• **Supplied information**:
※
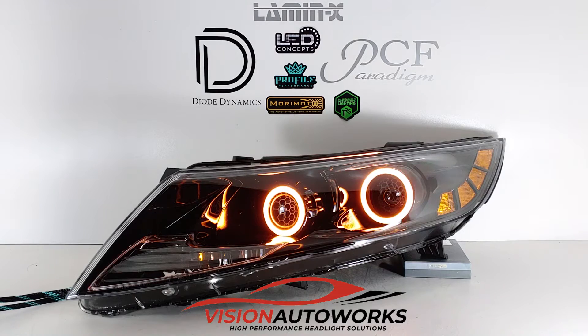The original halogen projectors were swapped out for a set of Mini H1 by Xenon's — these are a 2.5 inch Clear Lens by Xenon projector. We also used the same projector on the high beam side.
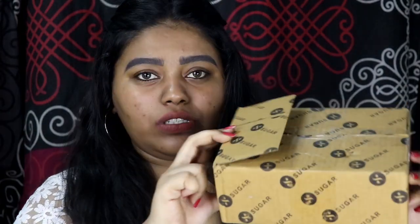Hi guys, welcome back to my channel. In this video I'm going to do a first impression on some of the new products that I have purchased, and they are mainly from Sugar Cosmetics. As you can see there is a Sugar box, so first I'm just going to show you all what products I purchased. There are not a lot of products but I'm going to quickly show you what I bought.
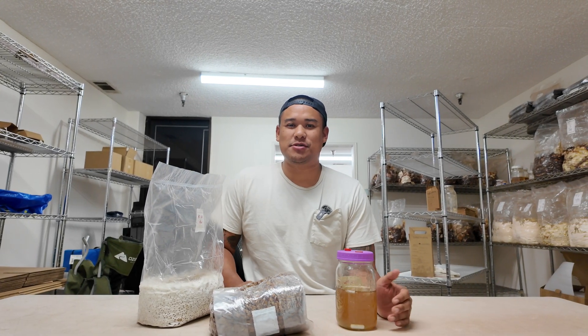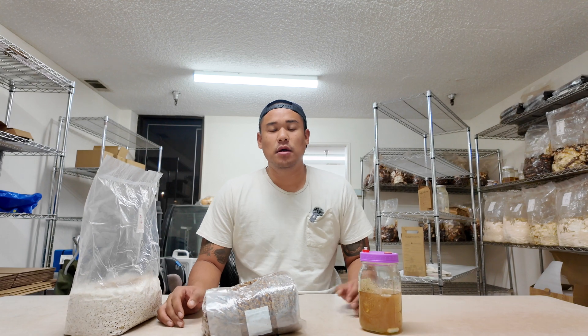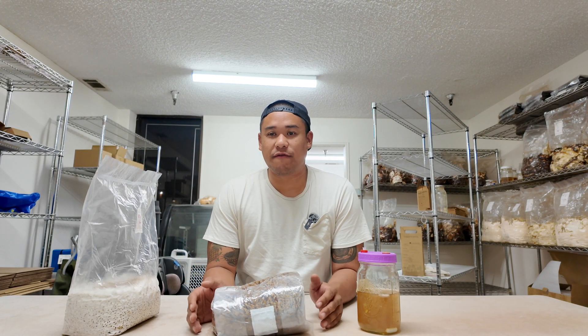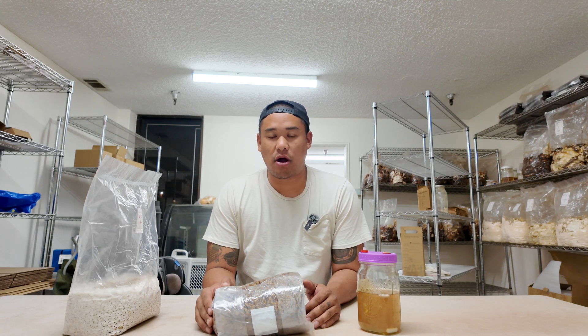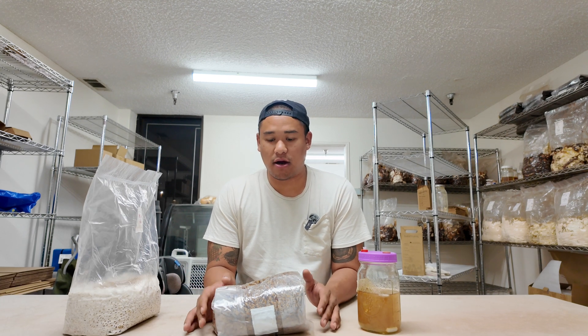Alright, what's up you guys, it's Justin from Long Beach Mushrooms. I want to show you what's next. In the previous video we showed you how we make grain spawn — we did our 24-hour soak, we bagged it, we sterilized it on our autoclave, and then we let them cool in front of our flow hood. So now we're at the stage where we need to inoculate our grain.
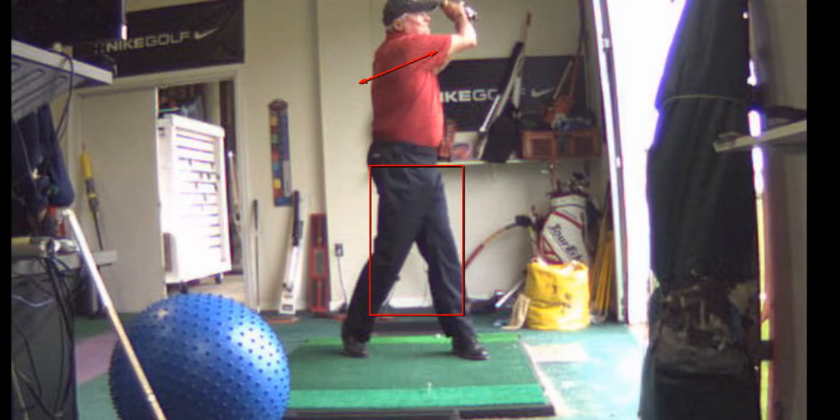The backswing was very good. The forward swing — looking at that — yeah, the tee flew off.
※
• **Task prompt**: Set the lines down exactly as they stand, from the one containing "Alright, what's up" through the end of the listing, omitting every picture.

• **Answer to this task**:
Alright, what's up you guys, it's Justin from Long Beach Mushrooms. I want to show you what's next. In the previous video we showed you how we make grain spawn — we did our 24-hour soak, we bagged it, we sterilized it on our autoclave, and then we let them cool in front of our flow hood. So now we're at the stage where we need to inoculate our grain.
The backswing was very good. The forward swing — looking at that — yeah, the tee flew off.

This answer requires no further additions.